Aim of the task: An exact, complete copy of the data is all that is needed.

Short text fragments from websites:

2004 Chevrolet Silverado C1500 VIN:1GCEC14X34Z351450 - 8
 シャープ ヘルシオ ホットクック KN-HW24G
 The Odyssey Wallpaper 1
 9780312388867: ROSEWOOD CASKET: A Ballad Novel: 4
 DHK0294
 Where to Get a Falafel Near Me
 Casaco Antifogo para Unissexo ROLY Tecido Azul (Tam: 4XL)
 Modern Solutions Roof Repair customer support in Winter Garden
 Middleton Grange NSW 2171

Written response:
2004 Chevrolet Silverado C1500 VIN:1GCEC14X34Z351450 - 8
 シャープ ヘルシオ ホットクック KN-HW24G
 The Odyssey Wallpaper 1
 9780312388867: ROSEWOOD CASKET: A Ballad Novel: 4
 DHK0294
 Where to Get a Falafel Near Me
 Casaco Antifogo para Unissexo ROLY Tecido Azul (Tam: 4XL)
 Modern Solutions Roof Repair customer support in Winter Garden
 Middleton Grange NSW 2171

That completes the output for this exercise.